The series $x + x^{1 + \frac{1}{2}} + x^{1 + \frac{1}{2}+ \frac{1}{3}} +...$ is convergent if
(A) $x>e$
(B) $x
(C) $x<1/e$
(D) $x>1/e$
I think the answer is C, but I could not determine the condition... how to solve it.

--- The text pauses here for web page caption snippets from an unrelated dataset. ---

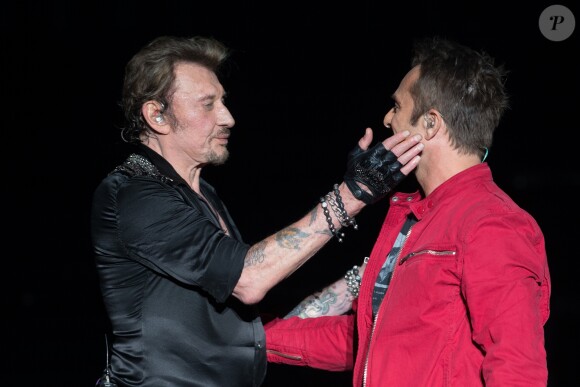 Exclusif - David Hallyday - Johnny Hallyday en concert au POPB de Bercy a Paris - Jour 2 de la tournee "Born Rocker Tour". Le 15 juin 2013.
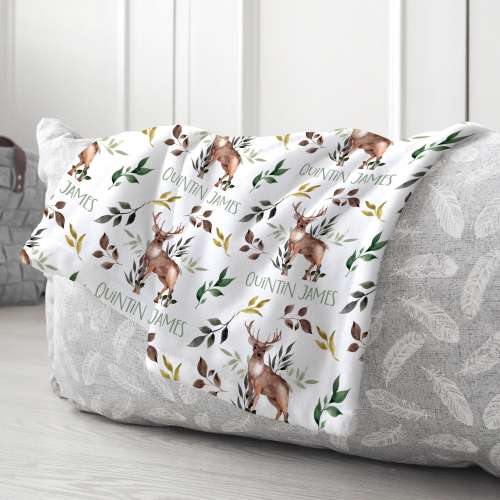 Boy Deer Blanket, Personalized Baby Boy Blanket, Custom Deer Baby Blanket, Deer Baby Name Blanket, Custom Baby Blanket Boy, Woodland Blanket
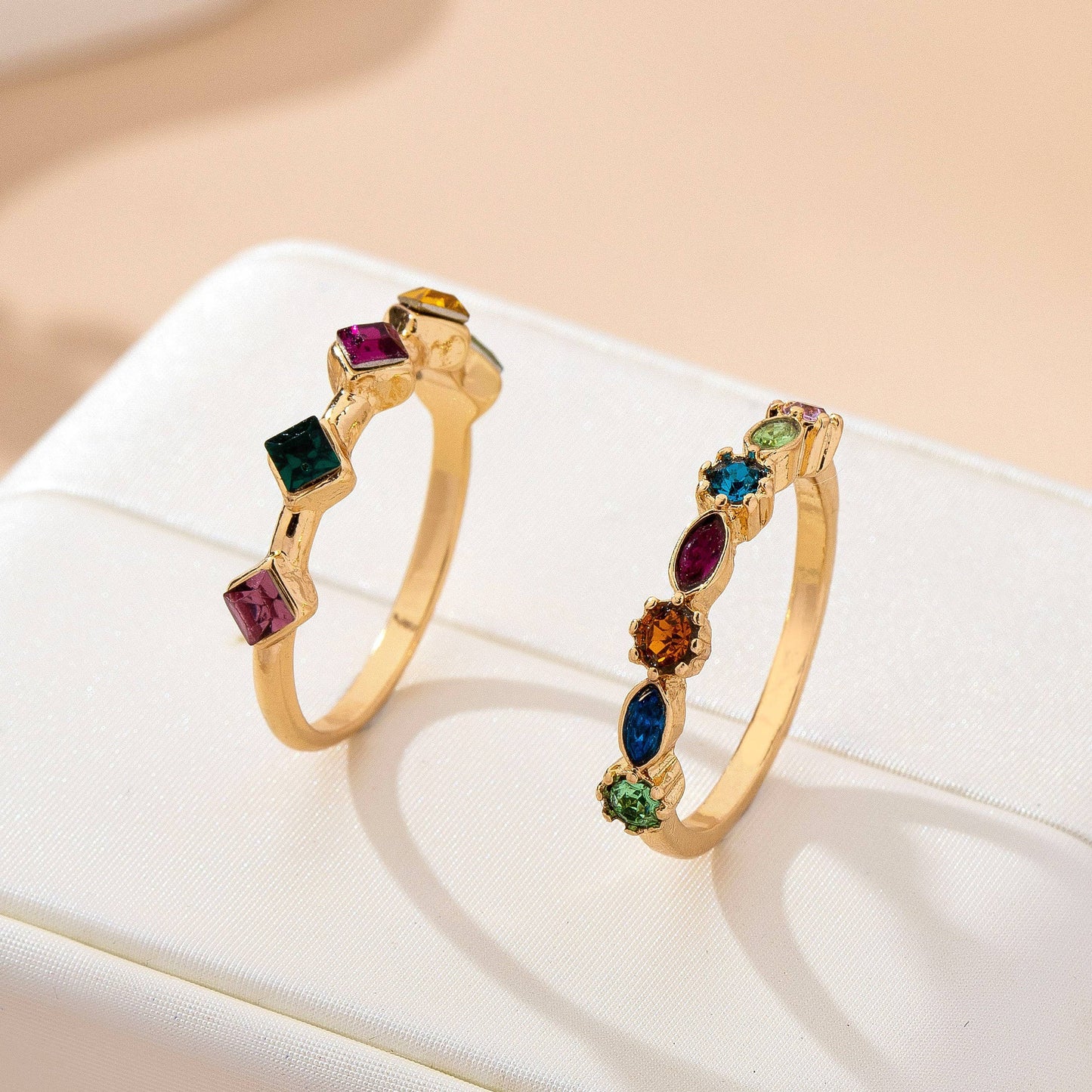 Rainbow Gemstone Cluster Statement Ring Set | 80R227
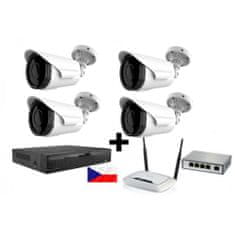 Zoneway 5MPx kamerový IP POE set - 4x NC965, NVR 2104, router, POE switch 4 + 1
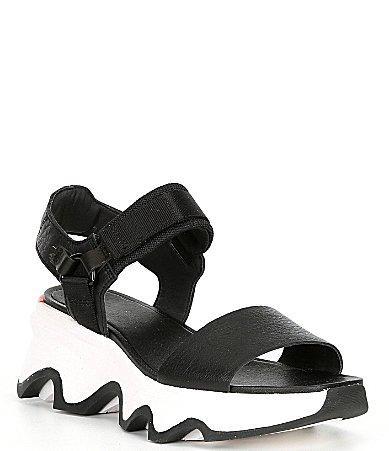 Sorel Kinetic Impact Y-Strap Leather Chunky Sole Platform Dad Sandals Product Image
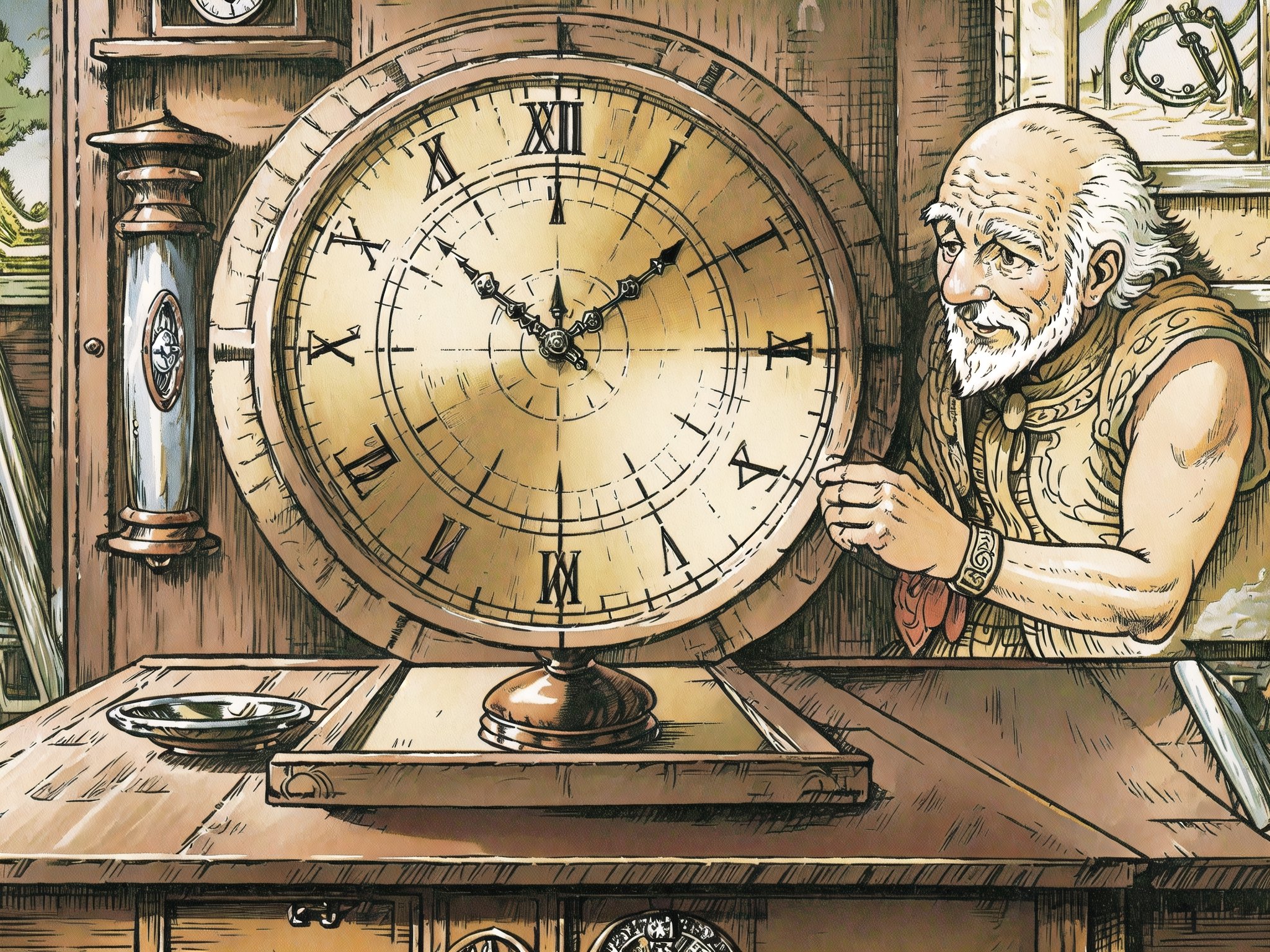 (masterpiece, best quality:1.3), 8k resolution, digital illustration, rup3rt_Style, (solo:1.2), old man, old, balding, beard, workshop, working, hands up, tunic, sleeveless, table, clock, indoors, painting (object), small details, extremely detailed background, finely detailed face, looking down, smile, weathered, warm tone, (fantasy illustration:1.3), intricate details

Plz help.
The series $x + x^{1 + \frac{1}{2}} + x^{1 + \frac{1}{2}+ \frac{1}{3}} +...$ is convergent if
(A) $x>e$
(B) $x
(C) $x<1/e$
(D) $x>1/e$
I think the answer is C, but I could not determine the condition... how to solve it. Plz help.
We have \begin{align*} x^{\sum_{i=1}^n \frac 1i} &\le x^{\log n + 1}\\ &= x \cdot \exp(\log n\cdot \log x)\\ &= x \cdot n^{\log x} \end{align*} and \begin{align*} x^{\sum_{i=1}^n \frac 1i} &\ge x^{\log n}\\ &= \exp(\log n\cdot \log x)\\ &= n^{\log x} \end{align*} and hence \[ \sum_{n=1}^\infty x^{\sum_{i=1}^n \frac 1i} < \infty \iff \sum_{n=1}^\infty n^{\log x} < \infty \] which is true exactly for $\log x < -1\iff x < \frac 1e$.